Task goal =
Filter the entries below, keeping only lines with "Apartment".
──────── Record set ────────
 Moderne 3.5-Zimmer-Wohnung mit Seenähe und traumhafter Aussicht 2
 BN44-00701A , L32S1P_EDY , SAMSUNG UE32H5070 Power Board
────────
──────── Record set ────────
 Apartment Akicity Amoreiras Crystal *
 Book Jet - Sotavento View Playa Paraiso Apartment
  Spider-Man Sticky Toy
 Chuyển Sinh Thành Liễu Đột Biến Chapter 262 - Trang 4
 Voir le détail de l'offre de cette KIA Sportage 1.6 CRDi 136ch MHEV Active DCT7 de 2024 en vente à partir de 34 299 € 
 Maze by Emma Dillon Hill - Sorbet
────────
Response to the exercise =
 Apartment Akicity Amoreiras Crystal *
 Book Jet - Sotavento View Playa Paraiso Apartment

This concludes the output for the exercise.